Per anni è rimasta su questa pagina la classica, fredda elencazione di titoli e onorificenze. Eppure non sembrava definirmi realmente. I diplomi, le lauree, il Conservatorio, l’Università, un’impostata fotografia che poco racconta di quello che vibra e risuona. Dice di più l’introspezione genealogica che mi ha portato a scoprire un’intera ascendenza di musicisti, tra cui Alfredo Schiuma e Armando Schiuma, prima di loro Raffaele e Luigi Schiuma, un sarto e un falegname di Spinazzola, che hanno dato il via alla tradizione. Quel ricco bagaglio europeo di musica scritta, di ritmi popolari e grandi melodie, il gusto per il raffinato, i quartetti d’archi e l’opera. La Puglia delle botteghe nei sottani che si trasformavano in sale prove e concerto, la musica colta alle feste patronali. Di me dicono di più Cuore di Tenebra e la Spiaggia di Falesà, La Guerra dei Bottoni e il Corsaro Rosso, ma anche il buio adolescenziale a districare le mille voci del Clavicembalo ben temperato, il sole del Concerto in Fa maggiore, la Patetica e l’Appassionata. Dice di più il verde paesaggio della Baviera e il fiume Düssel, dove decifrare i suoni di una lingua durissima e profondissima ha significato interpretare una Weltanschauung da ammirare e rifuggire. I ritmi sincopati di Scott Joplin continuavano a chiamarmi, li suonavo quando mi andava di suonare, da sempre. Mi parlavano di un mondo che aveva saputo contrapporre un sorriso immanente alla tragedia del vivere. Una ricostruzione che mi è stata chiara solo anni dopo all’aeroporto Louis Armstrong, a Congo Square, gli ottoni che vibrano talmente forte da non sembrare poter resistere a quella fragile forma. E più vibrano e più nitida si materializza la speranza e il senso di libertà del Nuovo Mondo. Dicono di me più le composizioni che non vi ho fatto sentire e gli ascolti di cui non vi ho parlato. Di più Pomps and Pride o le Sequenze e le Sacre du Printemps in uno stesso giorno di qualsiasi elencazione di festival e concerti. Dice di più la mia difficoltà a fare di me stesso un personaggio, come richiede l’attuale legge della socialità di successo, perché non posso promettere di smettere di scrivere per gli slums o per le élite culturali (se esistono ancora). Non posso promettere di smettere di considerare le ombre di un inconscio collettivo e unirmi all’uccisione dell’Albatro. Not today.
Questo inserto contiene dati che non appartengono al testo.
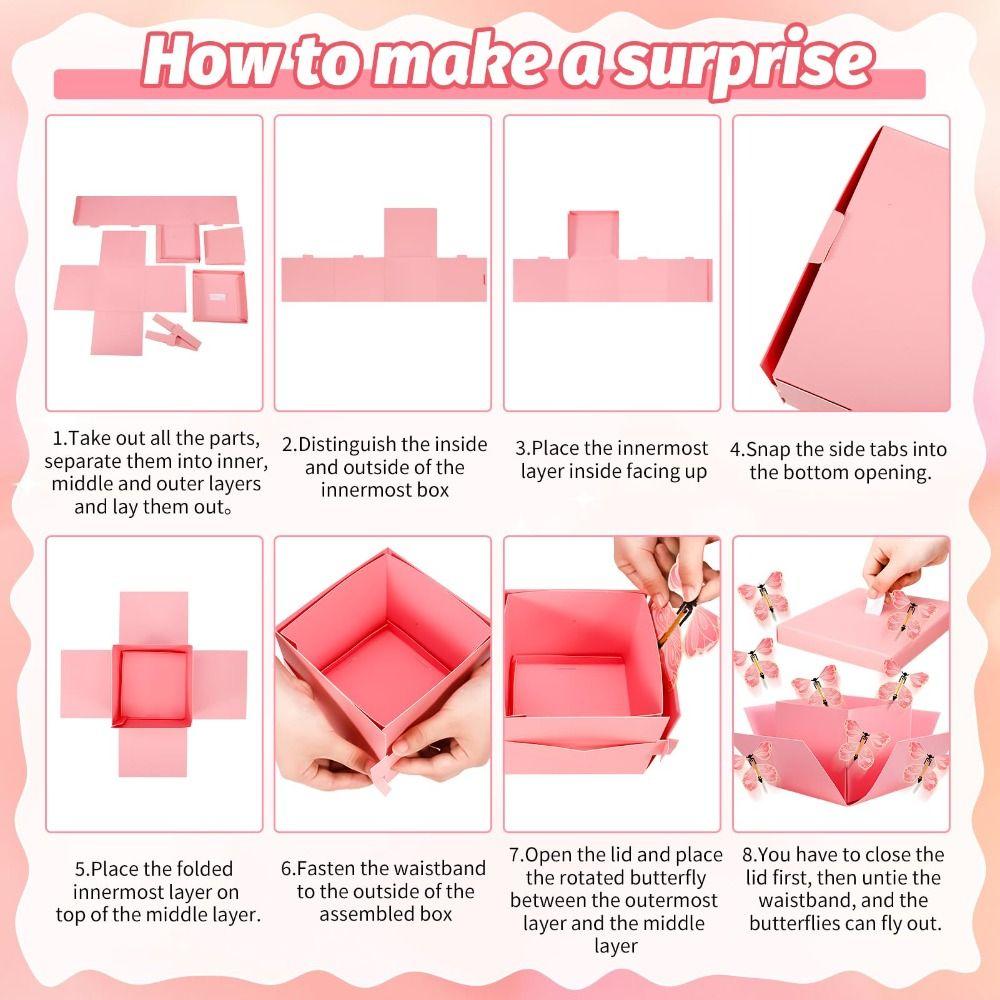 High Quality Anniversary Surprise Flying Butterfly Box Happy Birthday Pop Up Explosion Creative Bounce Box Party Decorations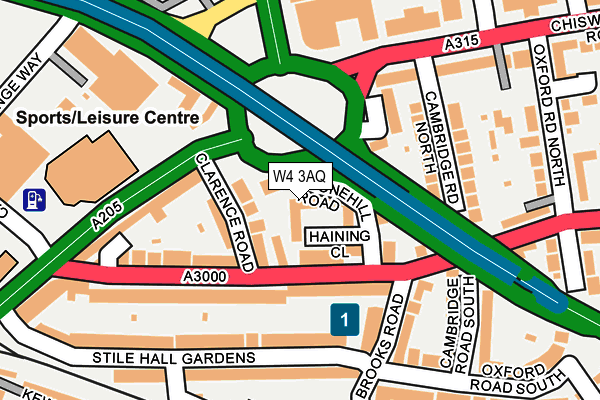 W4 3AQ map - OS OpenMap – Local (Ordnance Survey) W4 3AQ map - OS OpenMap – Local (Ordnance Survey)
Non riesco a sintetizzare il mondo in poche e semplici parole, in pochi e banali colori, in poche e sommarie definizioni.
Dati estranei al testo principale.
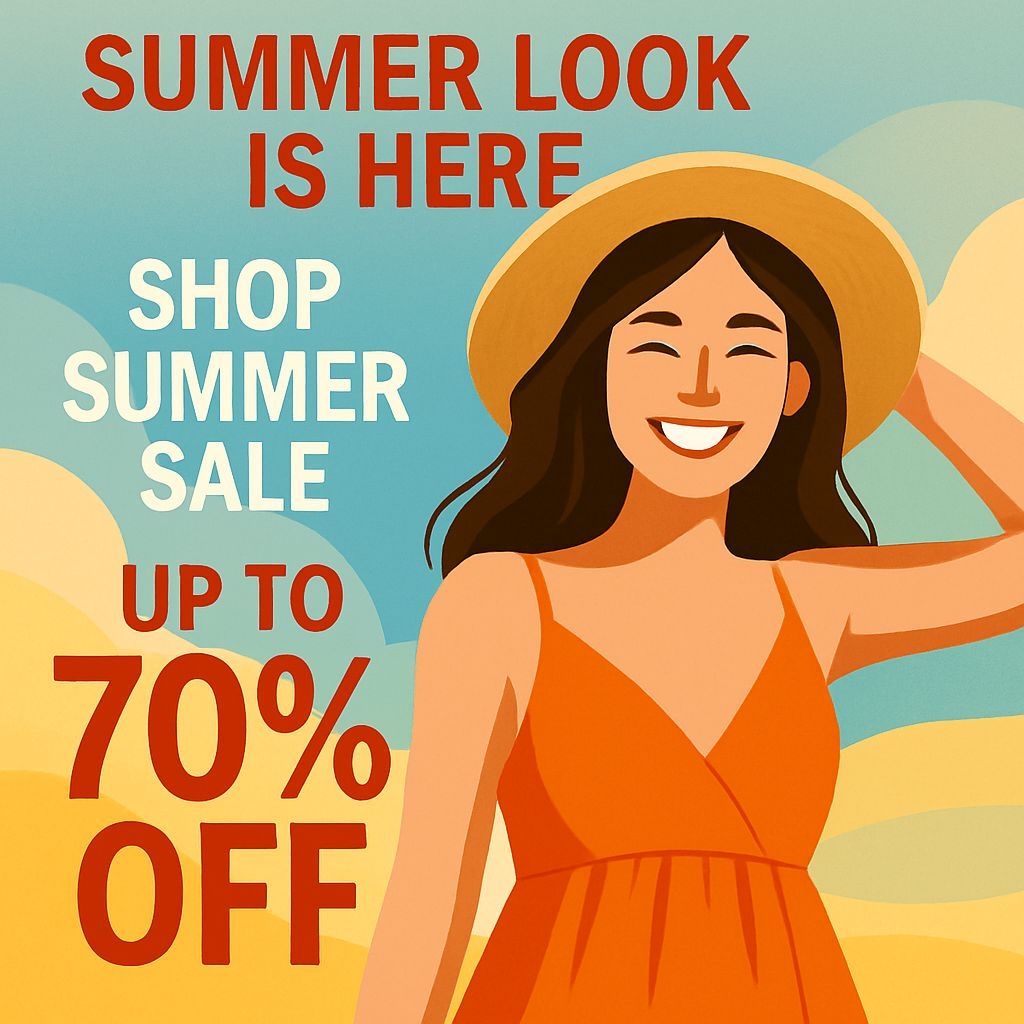 Cheerful Summer Sale Promotional Illustration Social Media Post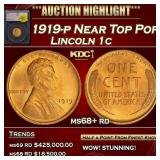 1919-p Lincoln Cent Near Top Pop! 1c ms68+ rd SEGS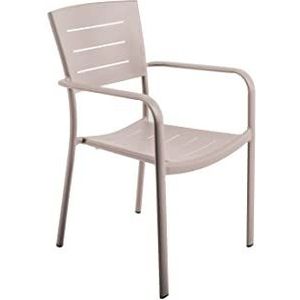 Essenciel la déco s'installe dehors Fauteuil van aluminium, stapelbaar, muskaat, 56 x 58 x 85 cm, nettogewicht: 3,15 kg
Molto di più, di me, vi sapranno dire i miei studenti per i quali tutti i giorni mi soffermo a riflettere su come posso evitare l’inevitabile, risparmiare loro i peggiori difetti dei miei peggiori insegnanti, provando a infondere le migliori conclusioni dai migliori insegnamenti. Probabilmente quest’ultima è la più nobile e delicata funzione che io sia mai stato chiamato a svolgere.